To understand precisely which categories were most commonly confused, we can print the absolute and relative values of the confusion matrix, as follows.
print('actual/pred'.ljust(16), end='')
for i,c in enumerate(classes):
print(c.ljust(10), end='')
print()
for i,r in enumerate(confusion_matrix):
print(classes[i].ljust(16), end='')
for idx, p in enumerate(r):
print(str(p).ljust(10), end='')
print()
r = r/np.sum(r)
print(''.ljust(16), end='')
for idx, p in enumerate(r):
print(str(p).ljust(10), end='')
print()
actual/pred plane car bird cat deer dog frog horse ship truck
plane 535 68 195 4 3 2 10 8 153 22
0.535 0.068 0.195 0.004 0.003 0.002 0.01 0.008 0.153 0.022
car 22 827 16 7 2 2 3 4 68 49
0.022 0.827 0.016 0.007 0.002 0.002 0.003 0.004 0.068 0.049
bird 55 35 610 40 60 59 35 35 42 29
0.055 0.035 0.61 0.04 0.06 0.059 0.035 0.035 0.042 0.029
cat 26 64 189 254 38 168 52 95 38 76
0.026 0.064 0.189 0.254 0.038 0.168 0.052 0.095 0.038 0.076
deer 33 40 319 54 329 33 24 117 32 19
0.033 0.04 0.319 0.054 0.329 0.033 0.024 0.117 0.032 0.019
dog 14 33 193 136 27 402 22 121 24 28
0.014 0.033 0.193 0.136 0.027 0.402 0.022 0.121 0.024 0.028
frog 8 81 140 86 93 30 437 29 41 55
0.008 0.081 0.14 0.086 0.093 0.03 0.437 0.029 0.041 0.055
horse 23 24 108 39 35 56 3 637 7 68
0.023 0.024 0.108 0.039 0.035 0.056 0.003 0.637 0.007 0.068
ship 98 84 38 9 1 8 1 6 738 17
0.098 0.084 0.038 0.009 0.001 0.008 0.001 0.006 0.738 0.017
truck 41 361 16 4 1 5 5 6 110 451
0.041 0.361 0.016 0.004 0.001 0.005 0.005 0.006 0.11 0.451
Conclusion
In this notebook, we trained a simple convolutional neural network using PyTorch on the CIFAR-10 data set. 50,000 images were used for training and 10,000 images were used to evaluate the performance.
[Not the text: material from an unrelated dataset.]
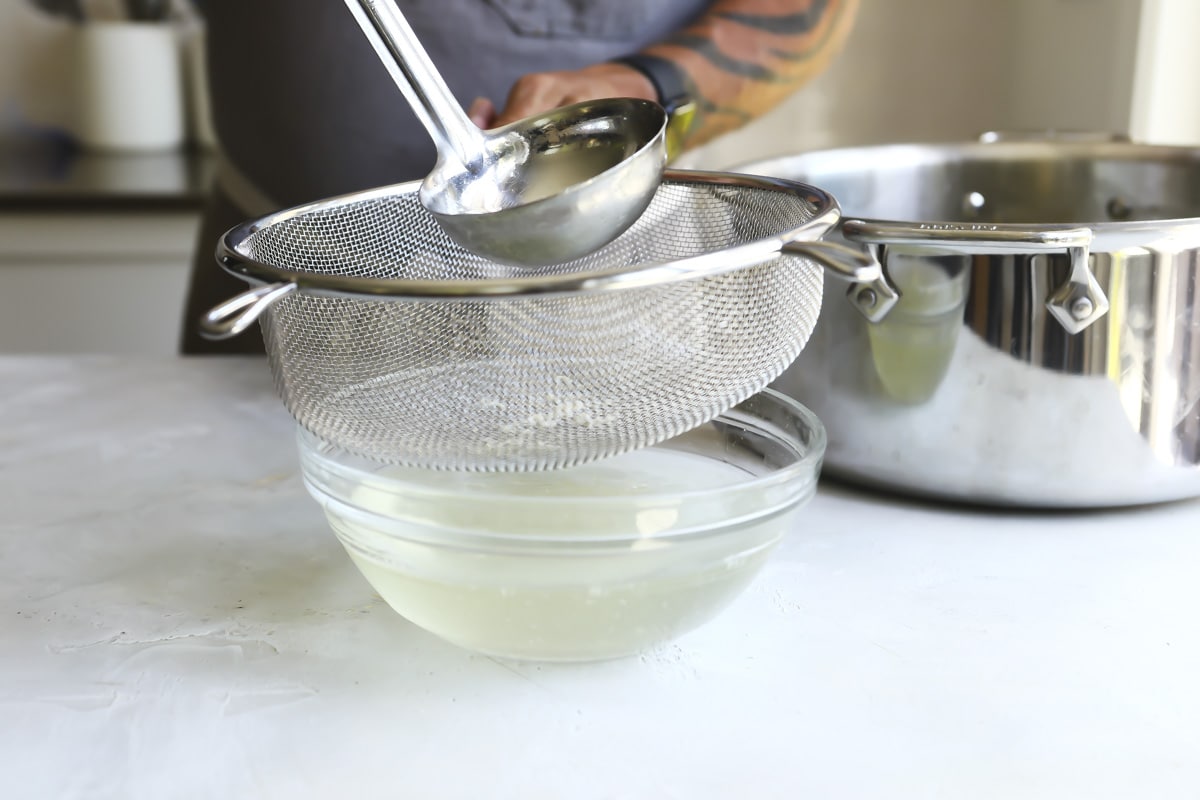 Straining broth for chicken soup.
The model performed well, achieving an accuracy of 52.2% compared to a baseline of 10%, since there are 10 categories in CIFAR-10, if the model guessed randomly.
To improve the performance we can try adding convolution layers, more filters or more fully connected layers. We could also train the model for more than two epochs while introducing some form of regularisation, such as dropout or batch normalization, so as not to overfit the training data.
Keep in mind that complex models with hundreds of thousands of parameters are computationally more expensive to train and thus you should consider training such models on a GPU enabled machine to speed up the process.